Saved entries:
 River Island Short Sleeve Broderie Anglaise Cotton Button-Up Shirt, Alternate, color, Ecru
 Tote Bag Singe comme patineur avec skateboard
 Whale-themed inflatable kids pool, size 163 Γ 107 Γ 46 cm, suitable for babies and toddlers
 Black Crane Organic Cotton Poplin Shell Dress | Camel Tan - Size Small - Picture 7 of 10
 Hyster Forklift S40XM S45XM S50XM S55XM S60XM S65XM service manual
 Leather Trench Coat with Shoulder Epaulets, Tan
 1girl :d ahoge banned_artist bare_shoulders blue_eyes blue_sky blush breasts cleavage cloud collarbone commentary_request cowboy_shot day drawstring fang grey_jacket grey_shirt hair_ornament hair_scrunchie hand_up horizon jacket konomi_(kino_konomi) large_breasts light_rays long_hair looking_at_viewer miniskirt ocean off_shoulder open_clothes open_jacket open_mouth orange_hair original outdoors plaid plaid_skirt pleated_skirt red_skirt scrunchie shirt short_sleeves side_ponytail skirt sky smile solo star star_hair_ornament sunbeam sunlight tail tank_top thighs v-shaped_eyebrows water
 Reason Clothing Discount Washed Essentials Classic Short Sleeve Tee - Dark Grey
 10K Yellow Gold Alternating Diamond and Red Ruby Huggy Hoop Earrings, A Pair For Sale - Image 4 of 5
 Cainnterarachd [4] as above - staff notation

→ Aim of the task
Write the entries above out again, unchanged and complete.

→ The answer
 River Island Short Sleeve Broderie Anglaise Cotton Button-Up Shirt, Alternate, color, Ecru
 Tote Bag Singe comme patineur avec skateboard
 Whale-themed inflatable kids pool, size 163 Γ 107 Γ 46 cm, suitable for babies and toddlers
 Black Crane Organic Cotton Poplin Shell Dress | Camel Tan - Size Small - Picture 7 of 10
 Hyster Forklift S40XM S45XM S50XM S55XM S60XM S65XM service manual
 Leather Trench Coat with Shoulder Epaulets, Tan
 1girl :d ahoge banned_artist bare_shoulders blue_eyes blue_sky blush breasts cleavage cloud collarbone commentary_request cowboy_shot day drawstring fang grey_jacket grey_shirt hair_ornament hair_scrunchie hand_up horizon jacket konomi_(kino_konomi) large_breasts light_rays long_hair looking_at_viewer miniskirt ocean off_shoulder open_clothes open_jacket open_mouth orange_hair original outdoors plaid plaid_skirt pleated_skirt red_skirt scrunchie shirt short_sleeves side_ponytail skirt sky smile solo star star_hair_ornament sunbeam sunlight tail tank_top thighs v-shaped_eyebrows water
 Reason Clothing Discount Washed Essentials Classic Short Sleeve Tee - Dark Grey
 10K Yellow Gold Alternating Diamond and Red Ruby Huggy Hoop Earrings, A Pair For Sale - Image 4 of 5
 Cainnterarachd [4] as above - staff notation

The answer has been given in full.